While the atmosphere is made safe by the small family’s love, the apartment itself is anything but. Our short tour of the apartment reveals a stray bullet hole in the living room window, an air conditioning unit teetering precariously in a molding wall, and a decaying kitchen floor that lurches dangerously under our weight. Michael pays $150 more per month for this apartment than he would for his Habitat mortgage. What’s more, Michaels’ situation is far from an anomaly— in any given year, we will visit dozens of apartments as substandard as, if not worse than, Michael’s. These home visits—a requirement to be accepted into our housing program— never fail to remind us of the enormity of the need for safe, decent housing in our community.

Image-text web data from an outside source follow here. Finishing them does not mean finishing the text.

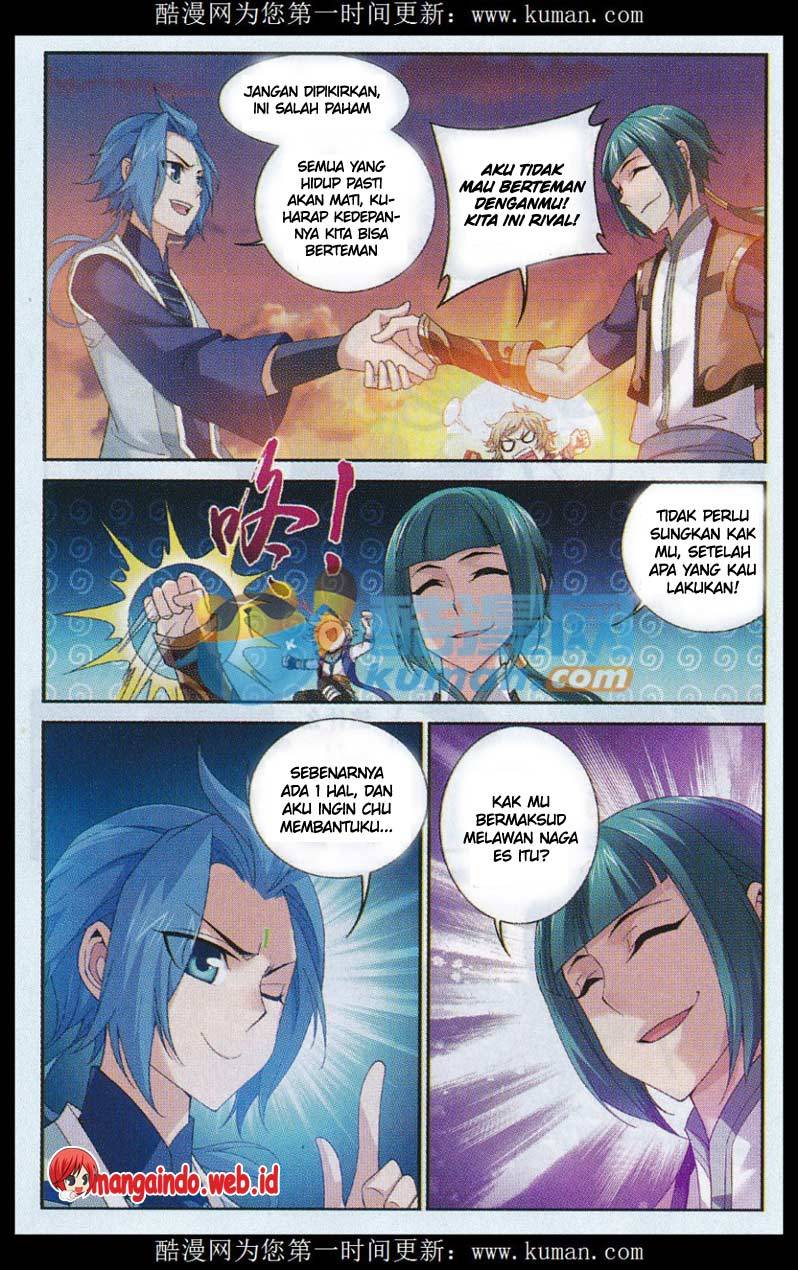 The Great Ruler Chapter 54 Halaman 17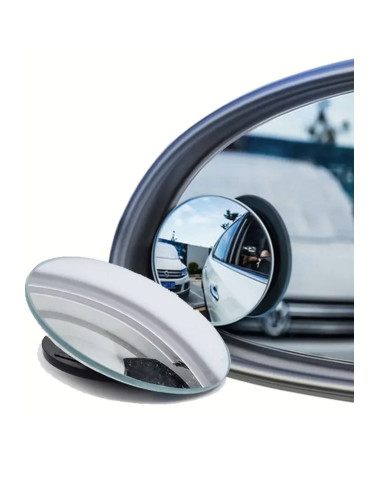 4 lü li SET 360° Oynar Motosiklet Araç Otomobil Motor Yan Görüş Güvenlik Park Dikiz Kör Nokta Aynası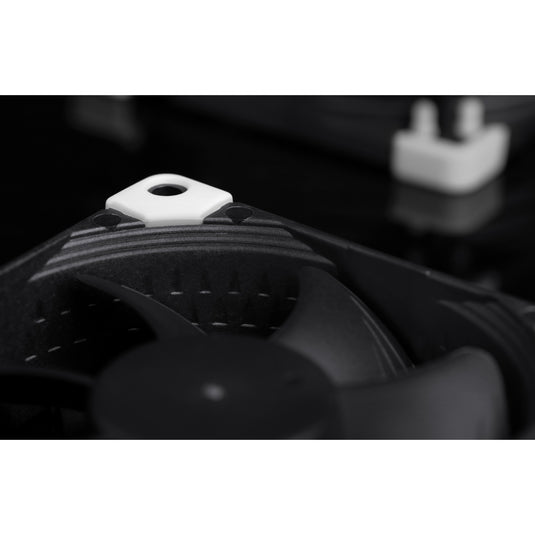 Noctua nf-a8 pwm chromax.black case fan (zwart, 80 x 80 x 25 mm)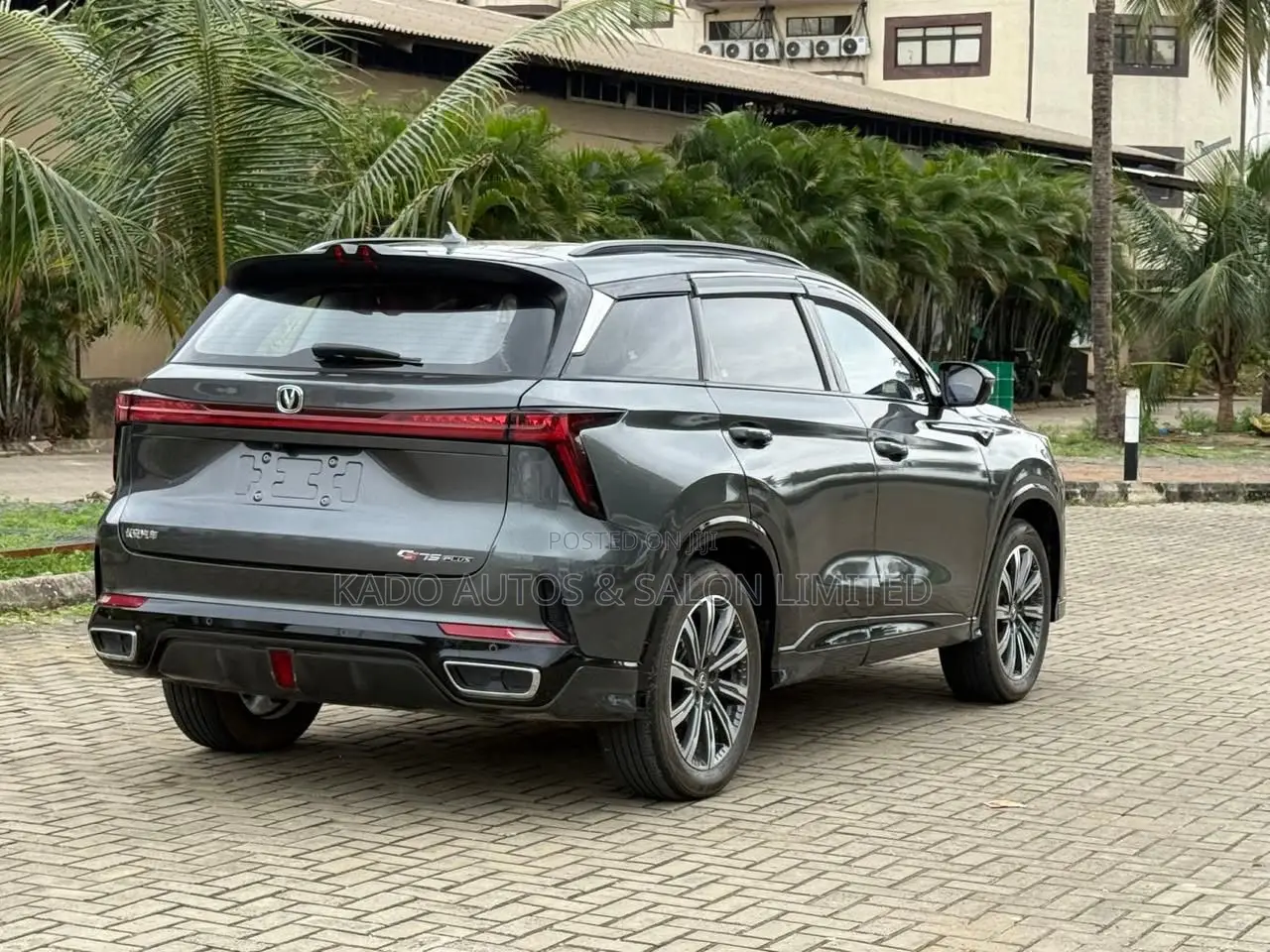 Changan CS75 2024 Gray
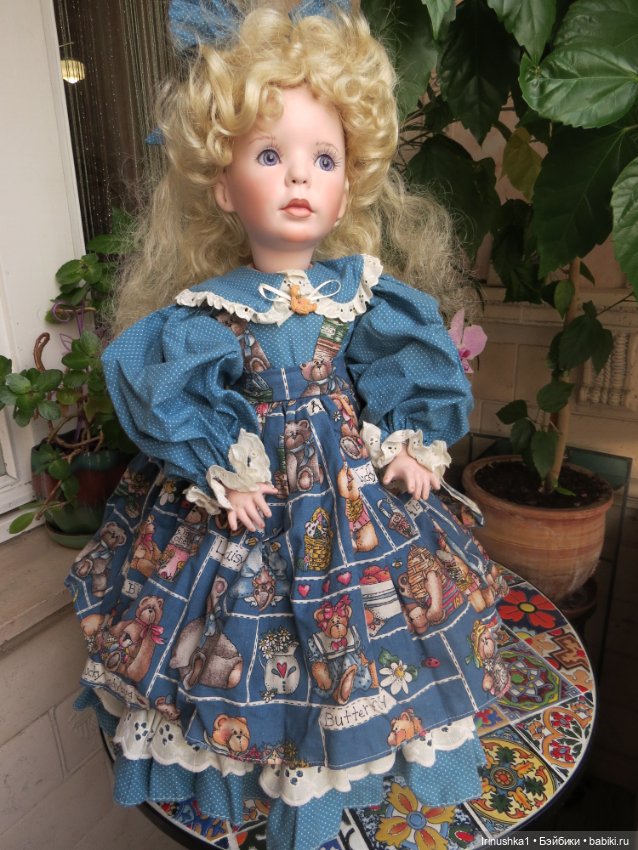 Фарфоровая кукла от Линды Рик (фото 3)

While it can be daunting to acknowledge the extent of the need in our community for safe housing, Habitat also knows that we can change— and have changed— the landscape of affordable housing in this city one house at a time. Housing is a central concern for all families, everywhere. Home is the central place where families conduct their lives. It is where they get ready to have a successful day at school or work, where they come together to eat meals, and where they lay their heads at night. So much more than a mere structure, our home is the very context of our lives. In a recent survey, we asked our homeowners to share their observations about changes in their children’s health since moving into their Habitat home. Of those who responded, 72% reported a decrease in illnesses like asthma and allergies in their children since moving into their Habitat homes. One homeowner wrote: “We are stable now. We are not moving from place to place, always keeping half of our stuff in boxes. My son no longer has asthma attacks from mold and dirty carpets… My daughter is playing outside more.” Perhaps the most significant investment we can make towards a strong community is in one of the most basic needs that exists: a safe, stable home to call one’s own.